__RAW DATA__.
━━━━━━━━━━━━━━━━━━━━━━━━━━━━━━

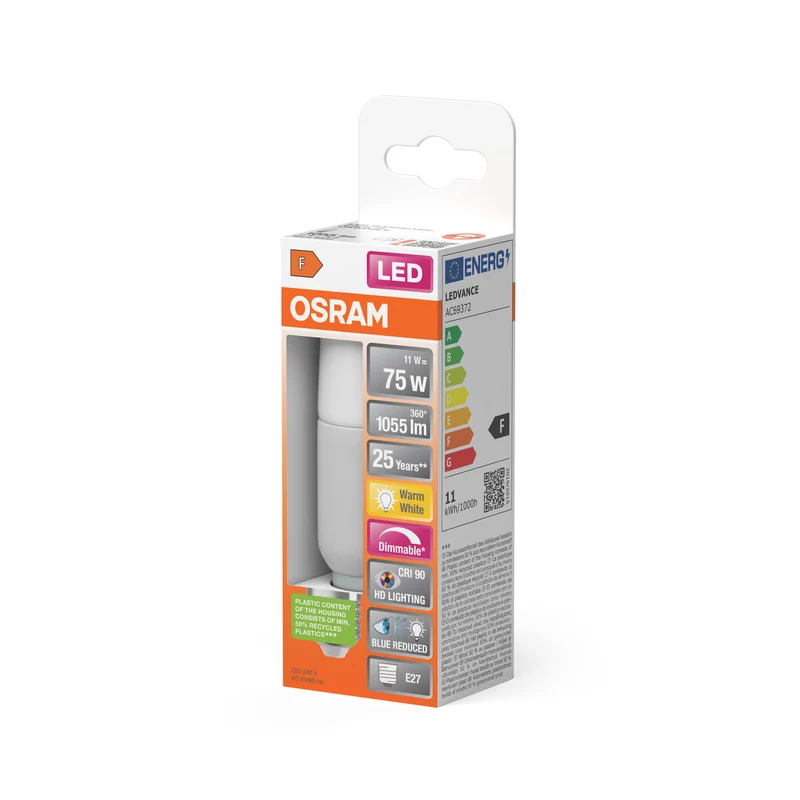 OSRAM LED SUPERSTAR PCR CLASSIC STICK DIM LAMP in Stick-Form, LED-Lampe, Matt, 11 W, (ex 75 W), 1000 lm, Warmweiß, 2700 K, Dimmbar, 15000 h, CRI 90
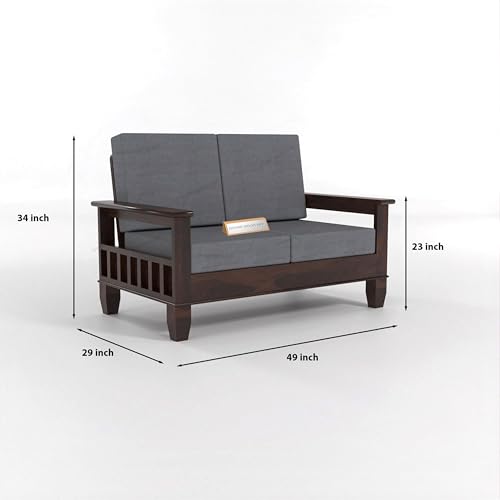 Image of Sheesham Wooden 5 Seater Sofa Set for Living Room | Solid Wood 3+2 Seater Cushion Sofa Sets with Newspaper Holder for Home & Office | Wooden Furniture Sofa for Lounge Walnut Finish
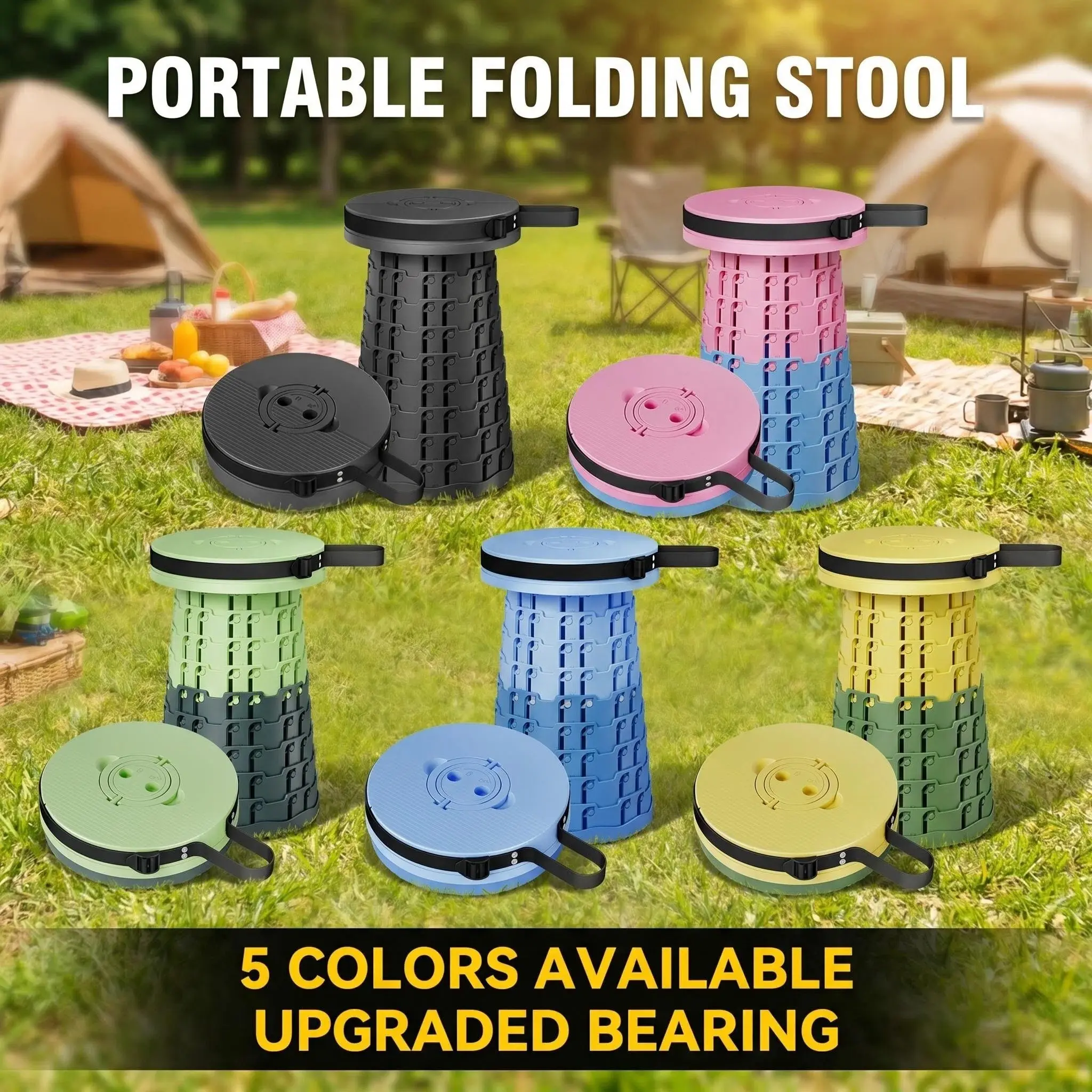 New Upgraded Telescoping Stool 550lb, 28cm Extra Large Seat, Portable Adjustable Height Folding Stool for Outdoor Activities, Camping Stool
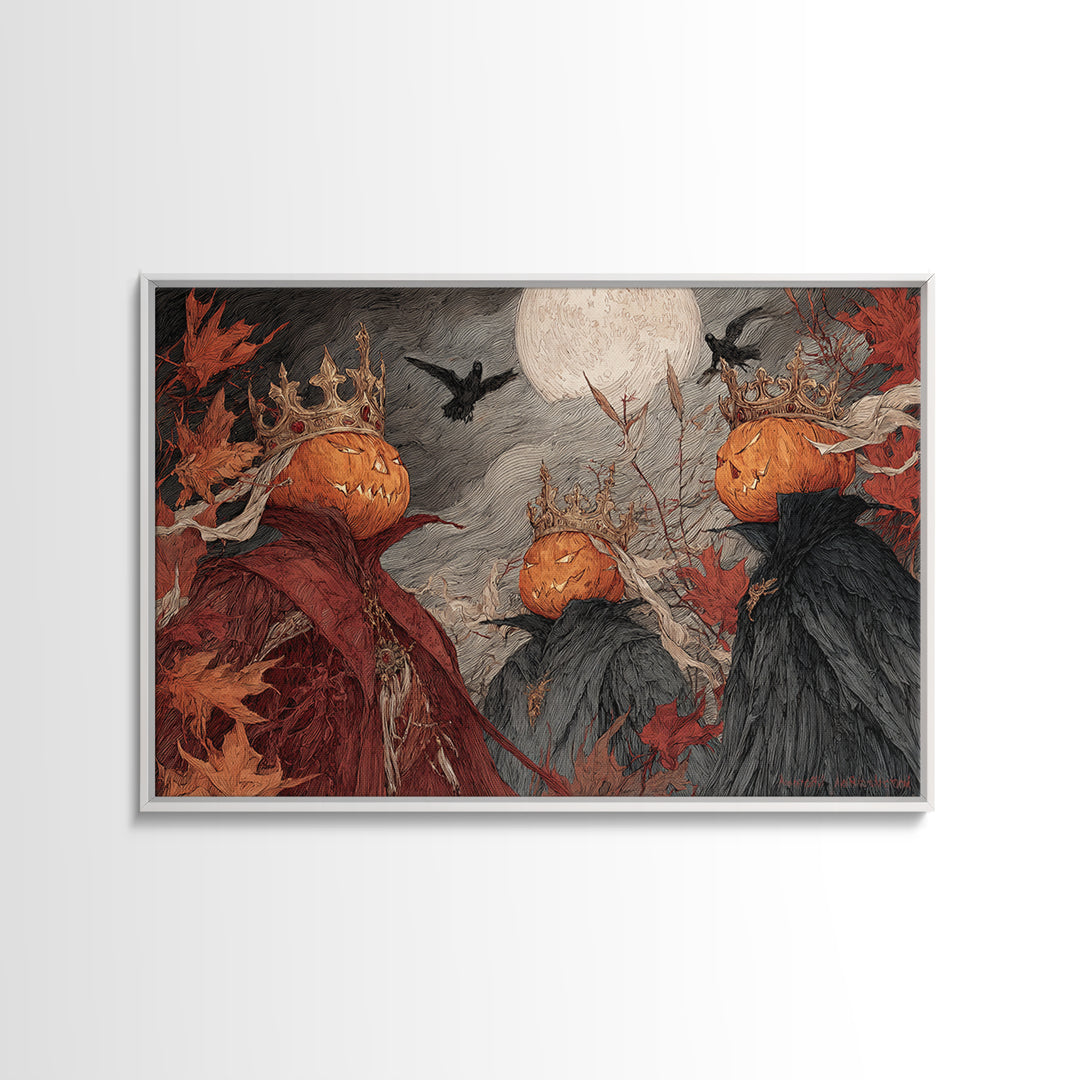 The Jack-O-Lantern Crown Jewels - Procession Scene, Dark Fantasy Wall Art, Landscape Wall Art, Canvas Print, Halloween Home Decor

━━━━━━━━━━━━━━━━━━━━━━━━━━━━━━

What you write should match, word for word, the lines from the one containing "New Upgraded Telescoping" to the end of the listing, with both ends kept and the pictures left out.

__COMPLETED EXERCISE__.
 New Upgraded Telescoping Stool 550lb, 28cm Extra Large Seat, Portable Adjustable Height Folding Stool for Outdoor Activities, Camping Stool
 The Jack-O-Lantern Crown Jewels - Procession Scene, Dark Fantasy Wall Art, Landscape Wall Art, Canvas Print, Halloween Home Decor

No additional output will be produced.